The practice of well-wishing, in any form, has many effects, and one of these is a sense of trust and reduced fear.
When there is a lack of well-wishing for others, there is often a caught-upness in stories about them, which includes different clashes between stories of what should be and what is (a.k.a. criticism, judgment). In the absence of an open heart, these stories tends to come more easily in the foreground.
This creates a sense of uneasiness in many ways.
First, engaging in a general atmosphere of judgment and criticism spares no-one, including myself.
Then, a discomfort in engaging in these thoughts about them, without them knowing, and what they would say or do if they knew.
And finally, discomfort from projections in two forms.
One is simply an assumption that since I engage in judgment of them, they will do the same towards me. I cannot help but to see in the world what is alive here and now. I own it, and it colors how I see the world.
The other is judgment arising, not fitting with my image of myself, and then seeing it in others and not so much in myself.

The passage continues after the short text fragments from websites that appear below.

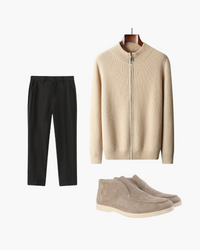 Cream ribbed zip-up jumper, black trousers and taupe suede desert boots, flat-lay outfit set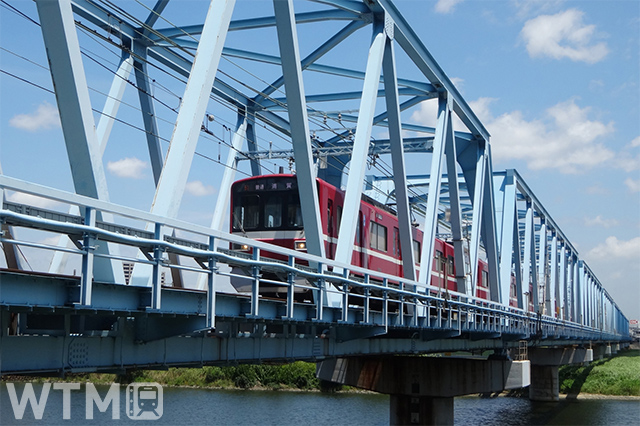 都県境の多摩川に架かる六郷川橋梁を渡る京急1500形電車(ponpokopon/写真AC)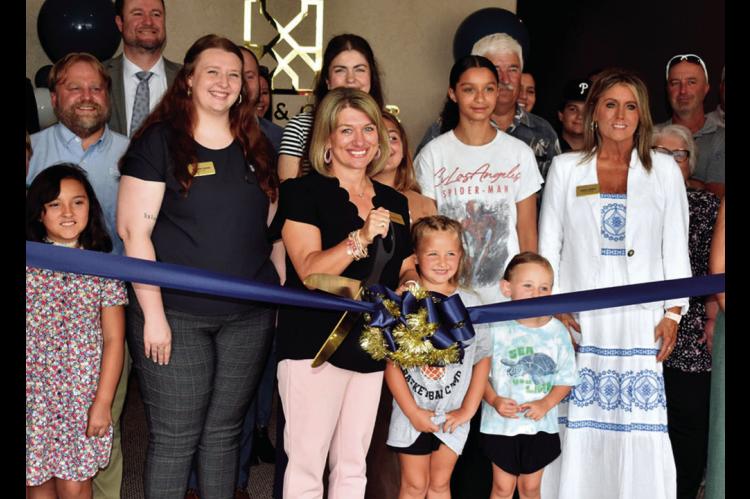 Tanya Friend of Stuart &amp; Clover Title in Seminole cuts the ribbon during open house ceremonies Wednesday afternoon. Others pictured include Dakota Jones, Mila Meeks, Wilo Meeks and Juliana States. The company is located at 205 N. Main. —Staff Photo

I disown it, and project it on others and see it as directed towards myself. In both cases, it creates a sense of others judging me, which brings up uneasiness… and fear.
And fear also comes up in another form here: a fear of what would happen if I didn’t engage in criticism and judgment. A fear of becoming like them, or of the parts in my that shouldn’t be there, according to my stories about them, taking over.
When there is a well-wising for others, this all reverses. The same mechanisms play themselves out, but now with opposite effects.
I inevitably include myself in this atmosphere of well-wishing, and I see it in others – either as already there or at least as a potential. In my well-wishing for others and myself, as see all of us as we can be, as whole, with an open and receptive heart. This creates a sense of well-being, and a sense of basic trust and reduced fear.
And even if the surface manifestation is different, I know that this is how we all can be, and are when knots unravel. As Byron Katie says, I know everyone loves me, I just don’t expect them to realize it yet.
Engaging in well-wishing, my heart and mind become more receptive.
My heart opens to myself and others. There is empathy, recognition, finding the universally human in what comes up in any of us, and a sense of the health and wholeness of each of us – at our human level – when knots are allowed to dissolve. (Knots are created by shoulds and narrow identities, creating the appearance of splits at our human level, and these are allowed to dissolve through an open heart.)
And my mind opens as well, becoming more receptive to the views of others, and the (limited) truth in all stories and views, so I can more easily meet people where they are at.
The empathy and recognition of an open heart invites an open mind, and the receptivity of an open mind invites the empathy and recognition of an open heart.